The operational and legislative measures are as important as the concrete and steel. Binding timelines for removing bottlenecks by 2027 force attention on border points where trains slow for signaling changes, track constraints, or limited capacity. The 2027 legislation to prevent anticompetitive scrapping of safe rolling stock aims to keep serviceable trains in circulation, supporting competition and faster scaling of cross-border services. Together with the 2026 ticketing proposals and the early 2026 revision of passenger rights, the legal package is meant to give high-speed rail not just fast tracks but also a smooth customer experience. The European Commission emphasized that a single-click multimodal ticket should be a normal option, not a rare exception, for trips that combine national operators or mix trains and planes.

⚠️ Important
Expect construction bottlenecks at borders to cause delays until 2027; monitor primary routes first and avoid relying on a single corridor for time-critical travel.

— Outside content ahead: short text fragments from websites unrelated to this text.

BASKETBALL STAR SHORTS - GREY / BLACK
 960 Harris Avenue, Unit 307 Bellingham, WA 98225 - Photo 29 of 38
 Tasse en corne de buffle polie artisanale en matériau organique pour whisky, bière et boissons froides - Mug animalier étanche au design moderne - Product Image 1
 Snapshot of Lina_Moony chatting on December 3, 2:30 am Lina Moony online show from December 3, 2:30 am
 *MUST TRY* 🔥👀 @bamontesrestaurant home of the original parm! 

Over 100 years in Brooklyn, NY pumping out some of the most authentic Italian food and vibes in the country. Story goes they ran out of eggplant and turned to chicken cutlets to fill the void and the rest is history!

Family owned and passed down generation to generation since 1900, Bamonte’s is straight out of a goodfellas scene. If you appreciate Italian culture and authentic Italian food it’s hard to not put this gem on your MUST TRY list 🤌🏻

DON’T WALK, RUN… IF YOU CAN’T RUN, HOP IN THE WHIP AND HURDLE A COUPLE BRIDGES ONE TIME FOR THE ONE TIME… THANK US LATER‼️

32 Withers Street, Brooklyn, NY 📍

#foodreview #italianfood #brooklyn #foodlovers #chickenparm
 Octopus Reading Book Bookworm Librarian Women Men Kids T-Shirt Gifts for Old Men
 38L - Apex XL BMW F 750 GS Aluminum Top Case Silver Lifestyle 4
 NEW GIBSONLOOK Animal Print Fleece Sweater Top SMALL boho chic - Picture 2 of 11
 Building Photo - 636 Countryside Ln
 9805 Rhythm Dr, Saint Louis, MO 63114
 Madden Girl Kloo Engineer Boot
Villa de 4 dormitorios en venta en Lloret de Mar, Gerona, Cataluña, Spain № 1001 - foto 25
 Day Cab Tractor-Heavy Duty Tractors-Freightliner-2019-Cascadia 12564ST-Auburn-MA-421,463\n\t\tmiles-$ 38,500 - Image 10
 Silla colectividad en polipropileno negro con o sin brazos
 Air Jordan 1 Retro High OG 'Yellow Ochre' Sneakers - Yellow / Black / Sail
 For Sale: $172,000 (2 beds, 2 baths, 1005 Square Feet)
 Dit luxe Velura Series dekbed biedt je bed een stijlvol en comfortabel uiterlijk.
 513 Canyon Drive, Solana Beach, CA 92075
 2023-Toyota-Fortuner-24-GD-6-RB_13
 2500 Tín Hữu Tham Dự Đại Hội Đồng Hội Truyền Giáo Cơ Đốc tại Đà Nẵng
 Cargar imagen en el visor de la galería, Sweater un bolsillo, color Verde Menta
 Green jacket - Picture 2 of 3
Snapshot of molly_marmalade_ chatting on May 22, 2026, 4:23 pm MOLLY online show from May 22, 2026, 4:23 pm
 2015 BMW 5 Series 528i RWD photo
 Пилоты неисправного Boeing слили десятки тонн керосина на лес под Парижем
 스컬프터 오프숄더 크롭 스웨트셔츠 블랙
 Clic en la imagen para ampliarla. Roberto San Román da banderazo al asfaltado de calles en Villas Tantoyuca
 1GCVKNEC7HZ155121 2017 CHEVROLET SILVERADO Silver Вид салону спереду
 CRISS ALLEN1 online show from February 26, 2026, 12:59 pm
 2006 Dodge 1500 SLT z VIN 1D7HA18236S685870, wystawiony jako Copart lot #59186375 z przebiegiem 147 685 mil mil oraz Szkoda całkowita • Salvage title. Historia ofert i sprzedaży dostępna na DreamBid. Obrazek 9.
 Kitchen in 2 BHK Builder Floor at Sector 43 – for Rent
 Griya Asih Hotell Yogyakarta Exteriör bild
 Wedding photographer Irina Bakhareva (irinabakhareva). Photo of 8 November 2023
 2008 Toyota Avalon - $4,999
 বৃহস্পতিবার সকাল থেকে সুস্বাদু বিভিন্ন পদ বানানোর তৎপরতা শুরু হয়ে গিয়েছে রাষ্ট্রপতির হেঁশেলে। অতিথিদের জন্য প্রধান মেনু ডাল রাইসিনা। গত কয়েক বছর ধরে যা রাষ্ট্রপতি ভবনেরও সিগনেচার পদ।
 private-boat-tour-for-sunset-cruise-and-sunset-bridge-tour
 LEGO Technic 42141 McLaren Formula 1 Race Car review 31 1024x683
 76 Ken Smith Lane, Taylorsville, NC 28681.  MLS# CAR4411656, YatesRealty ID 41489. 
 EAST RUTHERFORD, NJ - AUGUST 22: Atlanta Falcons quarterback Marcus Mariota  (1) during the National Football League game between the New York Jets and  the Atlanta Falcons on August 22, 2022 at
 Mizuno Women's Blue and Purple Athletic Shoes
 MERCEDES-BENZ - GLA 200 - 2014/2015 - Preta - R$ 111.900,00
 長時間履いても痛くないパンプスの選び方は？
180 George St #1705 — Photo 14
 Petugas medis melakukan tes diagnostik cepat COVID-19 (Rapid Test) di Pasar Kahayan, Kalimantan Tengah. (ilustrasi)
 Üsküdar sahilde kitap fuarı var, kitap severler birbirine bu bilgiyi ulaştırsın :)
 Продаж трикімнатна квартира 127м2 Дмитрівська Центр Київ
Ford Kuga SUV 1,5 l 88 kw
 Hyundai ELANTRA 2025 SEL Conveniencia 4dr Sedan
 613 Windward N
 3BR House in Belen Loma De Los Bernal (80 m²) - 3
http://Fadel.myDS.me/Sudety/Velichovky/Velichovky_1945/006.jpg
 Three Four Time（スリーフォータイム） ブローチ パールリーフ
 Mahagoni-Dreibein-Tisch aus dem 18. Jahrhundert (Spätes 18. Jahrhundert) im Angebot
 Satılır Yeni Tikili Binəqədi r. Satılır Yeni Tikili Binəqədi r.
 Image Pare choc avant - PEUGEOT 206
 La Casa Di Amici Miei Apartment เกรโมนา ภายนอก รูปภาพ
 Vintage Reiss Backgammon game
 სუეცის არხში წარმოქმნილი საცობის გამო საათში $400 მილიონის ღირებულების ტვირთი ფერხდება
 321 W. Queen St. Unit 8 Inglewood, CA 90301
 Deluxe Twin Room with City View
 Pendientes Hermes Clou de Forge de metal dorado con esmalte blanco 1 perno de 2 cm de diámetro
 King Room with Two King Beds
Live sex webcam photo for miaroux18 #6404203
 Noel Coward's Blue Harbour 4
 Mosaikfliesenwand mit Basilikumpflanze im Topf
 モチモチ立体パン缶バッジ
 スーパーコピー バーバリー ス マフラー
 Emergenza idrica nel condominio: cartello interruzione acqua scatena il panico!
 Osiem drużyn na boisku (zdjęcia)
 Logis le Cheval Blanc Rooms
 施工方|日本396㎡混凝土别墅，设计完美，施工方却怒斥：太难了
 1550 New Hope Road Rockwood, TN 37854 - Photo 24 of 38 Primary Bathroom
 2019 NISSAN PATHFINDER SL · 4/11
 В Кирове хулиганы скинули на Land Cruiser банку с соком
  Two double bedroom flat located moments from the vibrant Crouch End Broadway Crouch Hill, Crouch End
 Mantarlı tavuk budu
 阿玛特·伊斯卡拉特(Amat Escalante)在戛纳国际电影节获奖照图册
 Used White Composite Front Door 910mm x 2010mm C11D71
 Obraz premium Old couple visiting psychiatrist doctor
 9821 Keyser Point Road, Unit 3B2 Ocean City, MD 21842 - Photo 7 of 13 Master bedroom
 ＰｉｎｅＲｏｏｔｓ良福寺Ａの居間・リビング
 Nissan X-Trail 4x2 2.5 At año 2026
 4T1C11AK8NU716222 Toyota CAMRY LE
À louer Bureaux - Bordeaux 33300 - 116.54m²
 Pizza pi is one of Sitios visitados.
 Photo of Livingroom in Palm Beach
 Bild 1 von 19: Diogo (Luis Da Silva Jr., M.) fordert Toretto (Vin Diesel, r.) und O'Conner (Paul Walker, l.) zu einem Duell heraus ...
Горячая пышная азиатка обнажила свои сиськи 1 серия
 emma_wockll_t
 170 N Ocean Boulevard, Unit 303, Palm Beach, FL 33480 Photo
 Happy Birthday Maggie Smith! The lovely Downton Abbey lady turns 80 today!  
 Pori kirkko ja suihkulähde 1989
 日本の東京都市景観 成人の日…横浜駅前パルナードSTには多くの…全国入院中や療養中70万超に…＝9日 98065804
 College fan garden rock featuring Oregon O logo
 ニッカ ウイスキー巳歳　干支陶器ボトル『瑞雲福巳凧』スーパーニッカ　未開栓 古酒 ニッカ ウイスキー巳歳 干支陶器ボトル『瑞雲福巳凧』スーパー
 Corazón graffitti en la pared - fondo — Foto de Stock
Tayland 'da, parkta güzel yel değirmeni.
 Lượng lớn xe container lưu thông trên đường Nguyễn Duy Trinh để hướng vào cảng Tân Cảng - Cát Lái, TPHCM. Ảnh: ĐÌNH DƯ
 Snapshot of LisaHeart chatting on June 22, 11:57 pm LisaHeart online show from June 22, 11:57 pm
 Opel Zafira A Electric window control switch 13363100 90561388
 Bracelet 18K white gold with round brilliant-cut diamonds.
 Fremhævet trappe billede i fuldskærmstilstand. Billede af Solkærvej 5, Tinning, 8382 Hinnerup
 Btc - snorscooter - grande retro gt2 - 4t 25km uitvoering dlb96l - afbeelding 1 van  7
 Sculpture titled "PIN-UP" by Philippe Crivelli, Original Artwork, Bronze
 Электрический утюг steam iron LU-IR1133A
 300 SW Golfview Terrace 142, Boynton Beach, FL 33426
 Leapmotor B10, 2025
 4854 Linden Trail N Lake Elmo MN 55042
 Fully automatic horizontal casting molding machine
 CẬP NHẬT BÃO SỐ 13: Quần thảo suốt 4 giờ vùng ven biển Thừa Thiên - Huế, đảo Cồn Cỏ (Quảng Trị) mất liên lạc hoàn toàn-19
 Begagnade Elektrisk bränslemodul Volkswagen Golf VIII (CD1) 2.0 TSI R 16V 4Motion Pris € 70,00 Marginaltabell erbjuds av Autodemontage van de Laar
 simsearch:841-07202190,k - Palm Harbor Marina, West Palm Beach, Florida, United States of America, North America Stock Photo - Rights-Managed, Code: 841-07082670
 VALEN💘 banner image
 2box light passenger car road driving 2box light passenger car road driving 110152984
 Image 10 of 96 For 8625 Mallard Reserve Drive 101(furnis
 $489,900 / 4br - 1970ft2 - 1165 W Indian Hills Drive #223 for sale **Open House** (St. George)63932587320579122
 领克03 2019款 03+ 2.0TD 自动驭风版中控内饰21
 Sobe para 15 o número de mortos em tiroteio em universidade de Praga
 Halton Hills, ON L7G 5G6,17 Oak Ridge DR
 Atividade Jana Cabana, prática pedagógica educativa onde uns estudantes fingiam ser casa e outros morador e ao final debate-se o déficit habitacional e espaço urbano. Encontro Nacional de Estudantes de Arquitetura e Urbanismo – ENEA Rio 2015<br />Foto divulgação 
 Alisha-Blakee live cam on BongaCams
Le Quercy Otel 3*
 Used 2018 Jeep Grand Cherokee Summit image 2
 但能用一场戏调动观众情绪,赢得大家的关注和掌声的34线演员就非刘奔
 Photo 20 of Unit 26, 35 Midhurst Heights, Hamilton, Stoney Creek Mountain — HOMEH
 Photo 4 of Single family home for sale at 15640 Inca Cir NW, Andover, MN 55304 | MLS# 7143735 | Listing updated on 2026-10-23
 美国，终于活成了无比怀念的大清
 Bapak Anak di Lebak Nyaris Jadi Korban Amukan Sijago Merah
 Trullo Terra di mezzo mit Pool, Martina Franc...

By anchoring the plan in hard travel times and specific route targets, the Commission seeks to change how travelers evaluate their choices. If Berlin–Copenhagen becomes a four-hour journey with reliable departures and easy ticketing, rail can compete directly with flights once airport transfers and security queues are counted. Madrid–Paris at six hours extends the reach of day-trips for business and leisure, while Lisbon–Madrid at three hours draws Iberian travelers onto rail for trips that today typically default to air. In Southeastern Europe, cutting Sofia–Athens to six hours would redraw mobility patterns across the Balkans and the Aegean, attracting riders who now face a day-long train journey. For the Baltics, the projected times to Riga, Vilnius, and Warsaw promise a new backbone for regional travel and trade, reducing the friction that has historically hampered cross-border trips.

The Directorate-General for Mobility and Transport will guide member states through the technical standards needed to knit national systems into a true network, while the European Union Agency for Railways will help align safety and interoperability rules. The Commission said it will monitor progress through the forthcoming scoreboard, allowing passengers, operators, and governments to see where travel times are improving and where delays in construction or bottleneck removal are holding the network back. The scoreboard will also measure the knock-on effects for conventional lines, where capacity freed by high-speed services can be redirected to night trains and freight, helping shift cargo from road to rail.

Airlines and airports are likely to feel the effects as key corridors become competitive by rail. The Commission’s message is not a blanket rejection of air travel but a reshaping of the short-haul market where trains can offer city-center to city-center journeys with shorter total travel times once check-in and transfers are included. In countries where high-speed rail is already strong, like France and Spain, travel patterns have shifted toward rail on certain routes; the EU’s plan would extend that dynamic across borders, making a Berlin–Prague–Vienna service or a Lisbon–Madrid connection as routine as domestic high-speed lines are today. The goal, the Commission reiterated, is to make high-speed rail the backbone of a modern, efficient, and low-emission transport system, not just a patchwork of fast trains inside national borders.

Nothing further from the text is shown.